|
|
N°180, 04 декабря 2000 |
|
ИД "Время" |
|
|
|
|
Другая Чечня
Сегодня в Казахстане живут около 100 тысяч чеченцев. Это и потомки тех, кого депортировали сюда в 1944-м, и те, кто не сумел прижиться на исторической родине после массового возвращения на Кавказ в 1957-м, и беженцы, потянувшиеся к родственникам после чеченской войны. Но большинство казахстанских чеченцев упорно продолжают называть разрушенную российскими войсками горную республику своим домом, однако возвращаться туда не торопятся. Казахские власти пристально приглядываются к проживающему на их территории вайнахскому народу. Сами же чеченцы говорят, что живется им здесь гораздо спокойнее, чем в России.
Легенда об аргамаке
«Однажды двое осетин пасли скот на чужом склоне. Пришли хозяева пастбища -- чеченцы. Слово за слово -- завязалась у них перепалка, а потом и кинжальная драка, и осетины пали в схватке. Оказалось, что осетинские пастухи -- отец и брат девушки, которую любил Лаврентий Берия. Когда девушка узнала о гибели отца и брата, она побрила голову и поклялась отомстить. Тем временем началась война, немцы стремительно наступали на Кавказе, Берия забеспокоился и приехал к возлюбленной, чтобы увезти ее в столицу. Но девушка отказалась ехать: месть еще не свершилась. Узнав об этом, Берия рассвирепел. Он приказал грузить всех чеченцев в баржи, чтобы потом топить в Каспийском море. О происходящем узнал Сталин. «Зачем такая жестокость?» -- спросил он у Берии. И Берия солгал Сталину, что чеченцы перешли на сторону врага и даже подарили Гитлеру белого аргамака с золотой уздечкой. Сталин не до конца поверил Берии, но и чеченцам уже не мог доверять полностью. Он велел погрузить их в вагоны и отправить в Сибирь и Северный Казахстан, в пустые холодные степи».
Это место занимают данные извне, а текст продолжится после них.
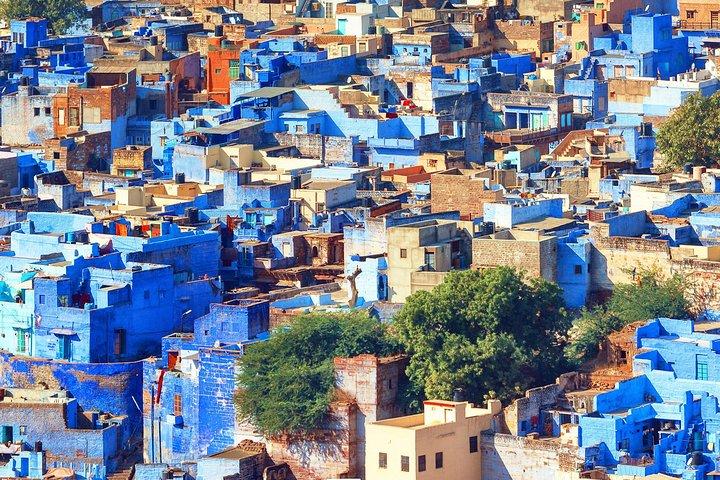 Guided Blue City - Jodhpur Walking Tour Experience with a local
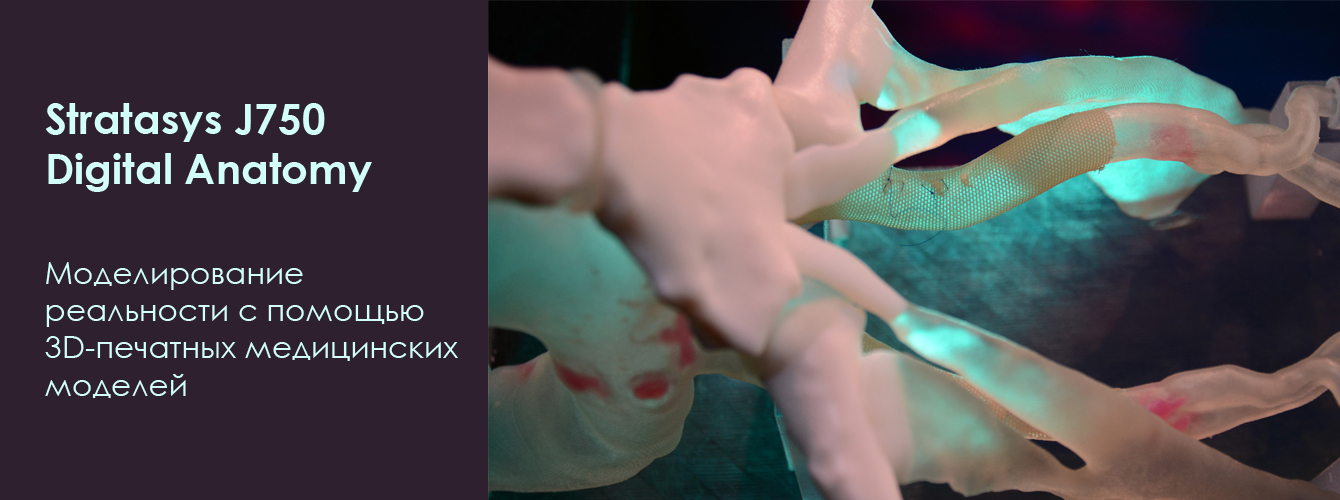 Stratasys J750 Digital Anatomy. Моделирование реальности с помощью 3D-печатных медицинских моделей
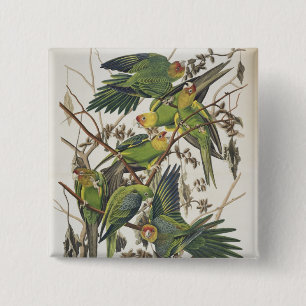 Carolina Parakeet, från "Birds of America", 1829 Knapp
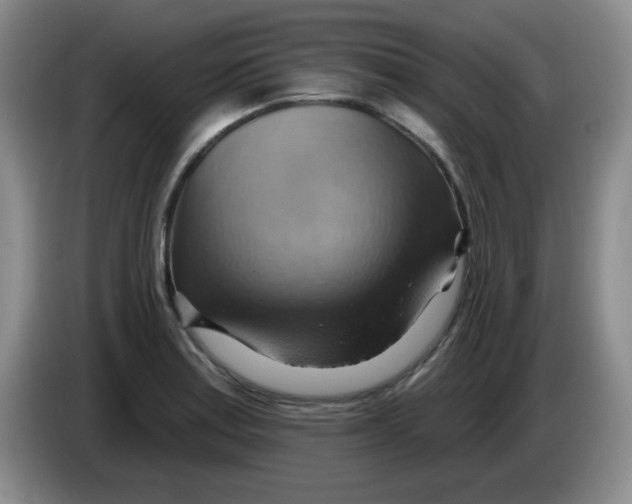 X0000083971179200703091756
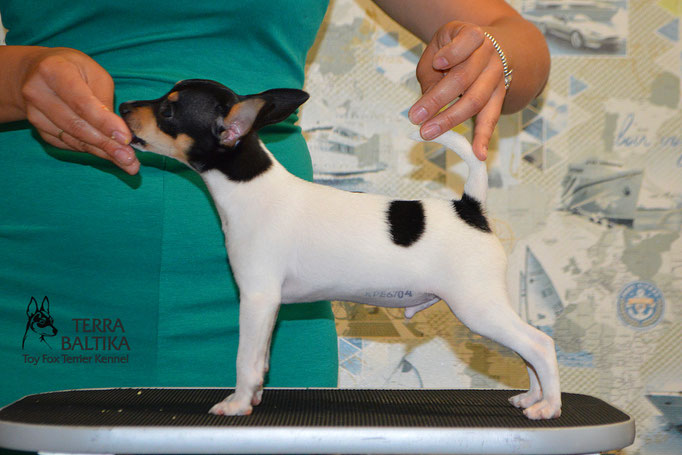 #тойфокстерьер #амертой #террабалтика #toyfoxterrier #terrabaltika #puppies #kennel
Такую легенду рассказывают о депортации 1944 года казахстанские чеченцы -- представители самой большой чеченской общины за пределами России.
Для многих чеченцев Казахстан -- вторая родина. Практически все активные политики Ичкерии последних лет родом отсюда. И Джохар Дудаев, и Зелимхан Яндарбиев, и Аслан Масхадов, и Ахмад Кадыров. Кстати, до последнего времени в Казахстане жил брат Дудаева, Бекмурза. Теперь, правда, переехал в Ингушетию. Каждая чеченская семья в России имеет связь с Казахстаном.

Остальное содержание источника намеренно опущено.